Recently, I had the privilege to solemnize the marriage of a cross-cultural couple. Mark, a handsome Indian, born and raised in Austria with an Indian father and an Austrian mother and Jisoo, the beautiful bride, who has the look of a K-Pop star, is of Korean heritage.
|Mark and Jisso, at the Solemnization Ceremony.|
They met while working in Tokyo. After dating each other for some time, Jisoo decided that she had found the man who will share her love of Kimchi Jjigae for the rest of her life and Mark felt that he had found the one who will join and support him to go through life's adventures.
Recently, they came to work in Singapore and decided to make permanent their commitment to each other by entering into marriage.
The Chinese often quote this phrase, 姻缘是天注定的, which means marriages are decided by heaven. To some, this seems to mean that a marriage is fated, since the gods have decided for the couple to be married.
I am pretty sure that there is an Indian and a Korean saying that has a similarly auspicious meaning.
The French had also been using this phrase, and from as early as the 16th century. They say, "les marriages au sont ciel," which commonly translates as marriages are made in heaven.
A little different from the Chinese, the French allured to the idea that marriage is more than just the physical & emotional union between a couple, there is a spiritual connection too.
I agree wholeheartedly with this French idea.
Whether you believe in God or not, when you commit to another person in marriage, you have chosen to enter into a wholesome relationship with that person. Such a relationship does not only include the physical and emotional bonding of your body and soul, but also a spiritual bond.
Even in this 21st century when many couples take marital commitments more loosely than it was intended to be, surveys done by marriage experts, such as Dr Gary Rosberg show that "58% of the women, of over 700 couples surveyed, ranked Spiritual Intimacy as their top sex need" (Reference  below).
A woman feels more secured and thus becomes more committed to support her husband, if he constantly connects with her spiritually.
Now, coming back to Mark and Jisoo, for whom I quoted "les marriages au sont ciel" in my short message during the solemnization, I told them that even if they believed that their marriage is made in heaven, they will have to work hard to make their marriage meaningful and enjoyable, so as to fulfill their vows, which ended with "I vow to love you, until death do us part."
The reason that prompted this post was how Mark and Jisoo had demonstrated that they are committed to working hard to make their marriage better, and they did that right during the solemnization. While both articulated their vows to each other in English, so that I and the rest of the guests can understand and thus be their witnesses, Mark did a Korean version and Jisoo did a German version (which is Mark's mother tongue).
Mark and Jisoo clearly struggled reading out the vow in a language that they aren't familiar with. But in their actions, I can see how much effort they had put into learning another new language, just to say their vow in each other's mother tongue. I saw the delight in their parents' eyes when they heard the vows spoken in their native language.
Before concluding the solemnization, I offered them two simple tips to grow build their Maximum Marriage:
Tip#1 - Do not look to each other to be the Mr or Ms Right.

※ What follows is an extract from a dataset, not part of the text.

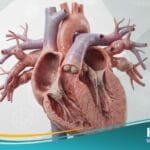 _فشل القلب الاحتقاني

Instead, be determined to be the right person for the other.
Tip#2 - Every morning when they wake up, deliberately think of what they can do that very day to please the person lying beside.
So, indeed, if you want to have a meaningful and enjoyable marriage, and move from simply being husband and wife to be lovers for life, then work hard daily to please each other and grow your love for each other. Practice the two tips daily and I assure you that your marriage will grow stronger and stronger.
Reference  - The 5 Sex Needs of Men and Women by Dr Gary and Barbara Rosberg, page 115.